Postby prysorra » Sat Mar 15, 2008 9:12 am UTC

SlyReaper wrote:Define "common good" - is that what's good for the nation or good for the world?


Such would be a matter of opinion anyway. The point was that the "common good" needs have the same meaning in both instances.

SlyReaper wrote:Not to mention you have three propositions and zero proofs

http://en.wikipedia.org/wiki/Axiom. I have chosen my terminology poorly.

Patriotism is by societal definition a universally positive attribute. It's like a weeble-wobble toy. The society in question will resettle itself upon a definition is agrees upon. Nothing more, nothing less. I was purposely vague on what these desired "patriotic" characteristics are, as societal ideals are transient, and subject to the mercurial winds of social change.

SlyReaper wrote:Is there some kind of vector space we're working with here?


Yes. All human opinion. I am merely defining a subspace of ℝ2 in which they exist as independently distillable attributes.

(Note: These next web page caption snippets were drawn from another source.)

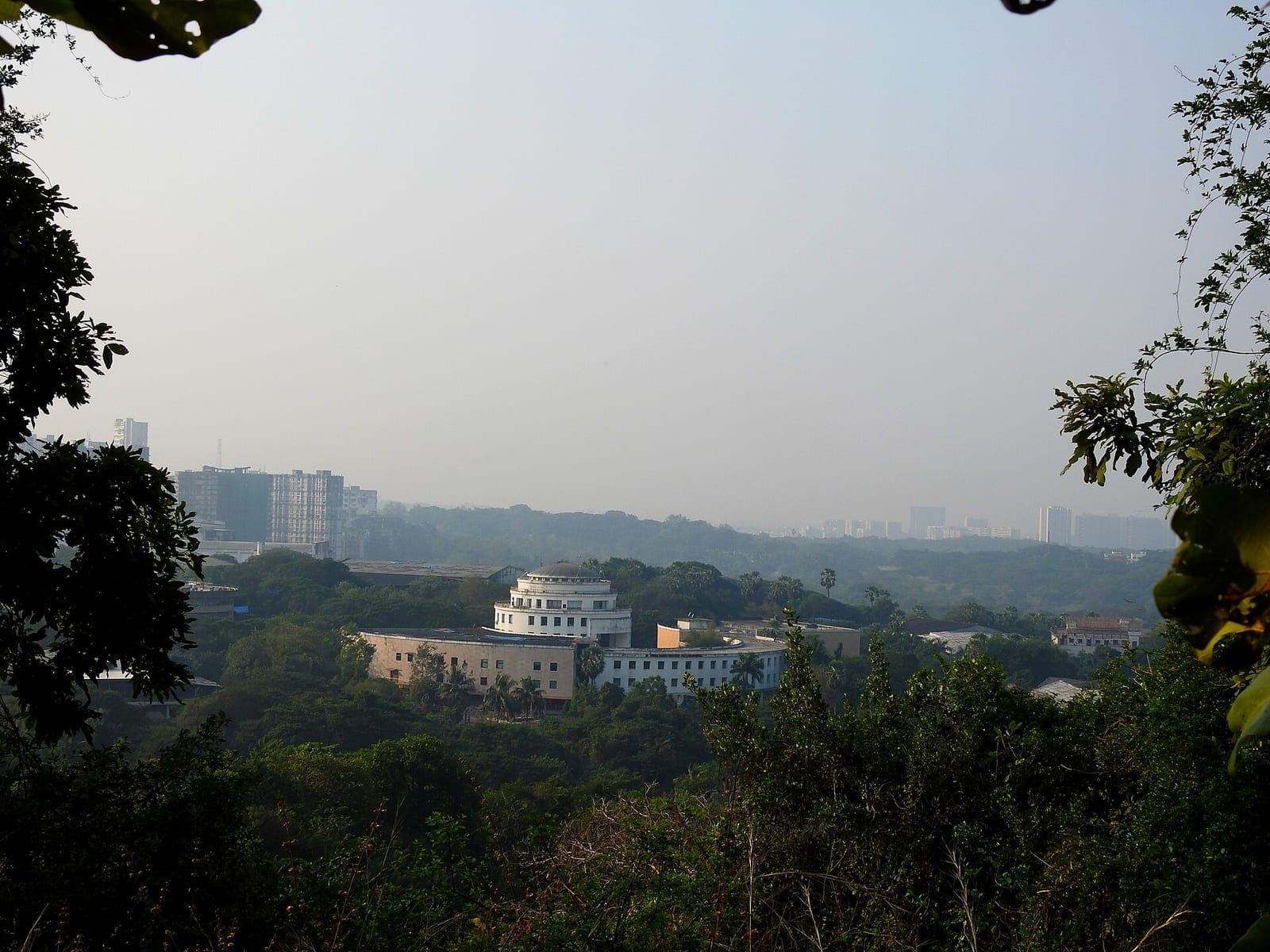View of the Whistling Woods International campus in Mumbai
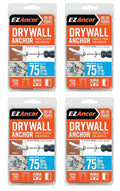 #8 x 1-1/4" Twist-N-Lock 75-lb Drywall Anchors by E-Z+Ancor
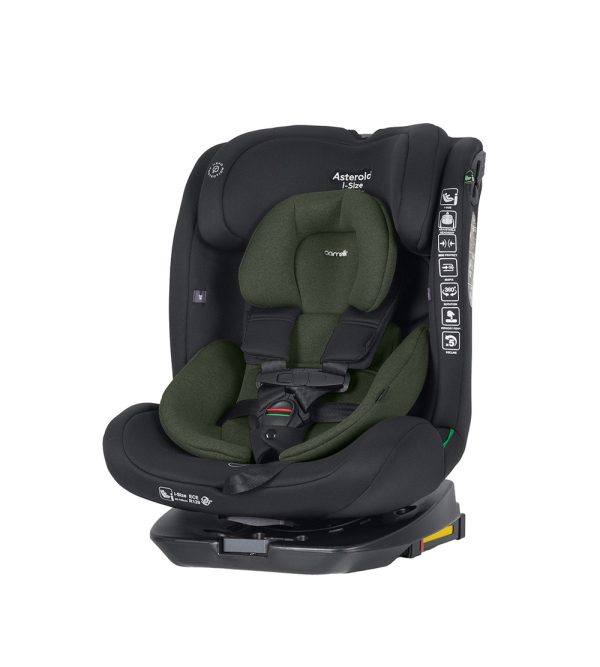 CADEIRA AUTO DESDE O NASCIMENTO ATÉ AOS 150CM COR VERDE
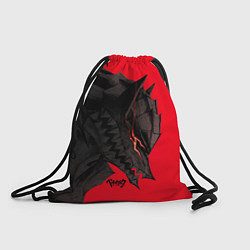 Рюкзак-мешок BERSERK БЕРСЕРК, цвет: 3D-принт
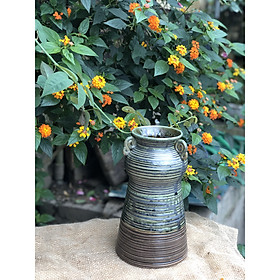 Mua bình búp bê cắm hoa men đá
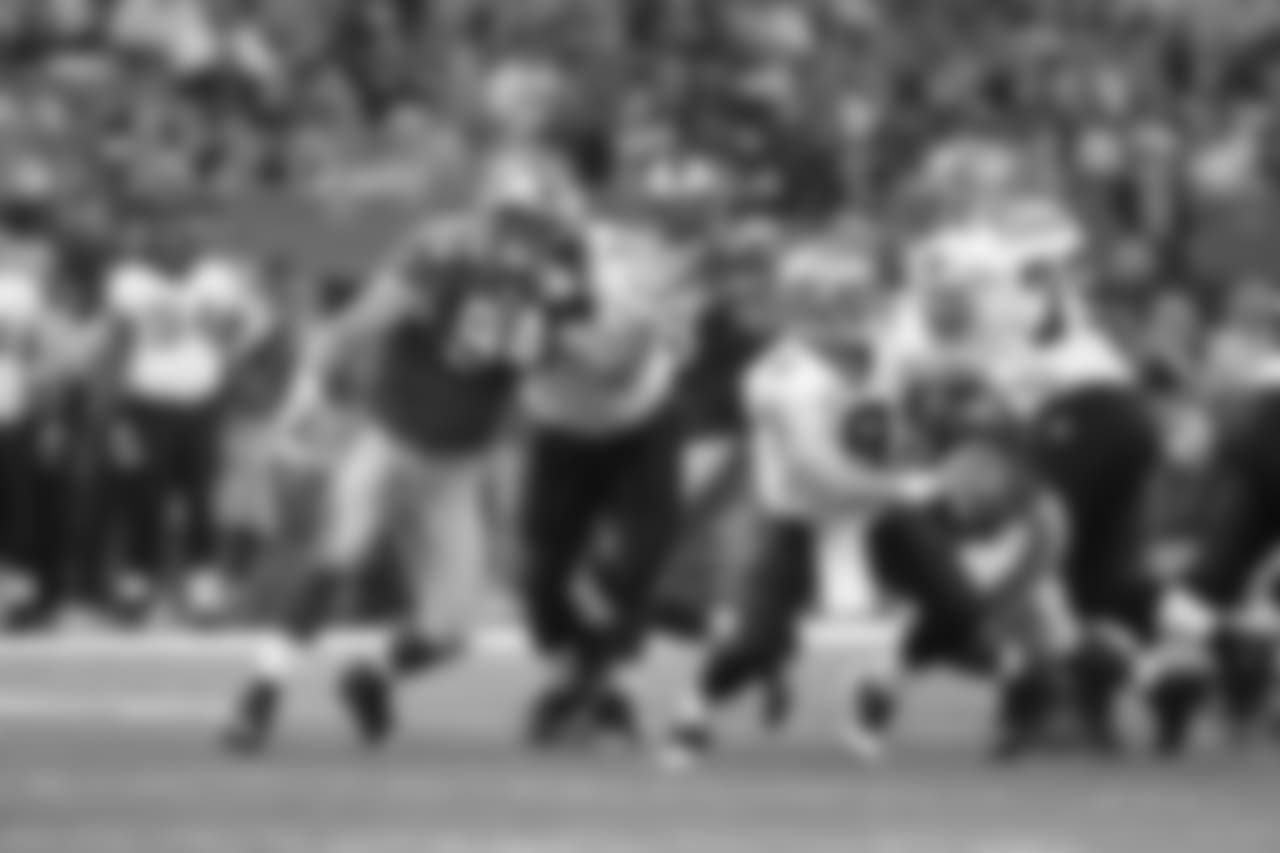 2008 -- 49ers defensive tackle Justin Smith.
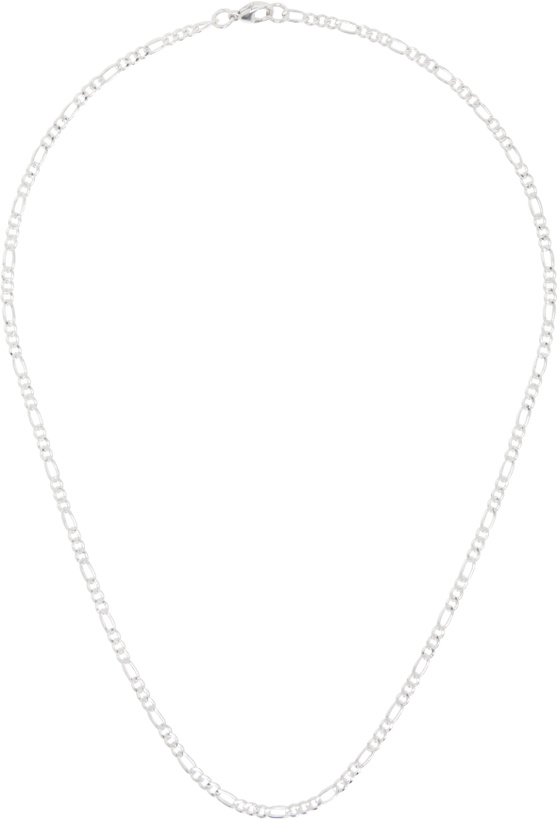 Photo: MAPLE Silver Figaro Necklace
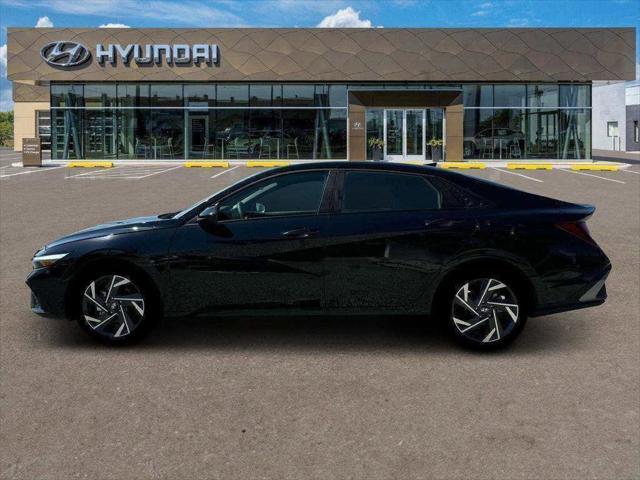 new 2025 Hyundai Elantra car, priced at $23,043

Or, I can get some sleep. The mathematics of abstract human characteristics and their organization makes me sleepy.

I want candy!


...........

OOOOO

It took me a minute, but remembered AFTER I went to get some candy. Yummy candy.

Those propositions don't overlap. It's not like I'm assuming all three propositions exist in the same euclidean space. o_o.

That way madness lies. As do math-nazi trolls.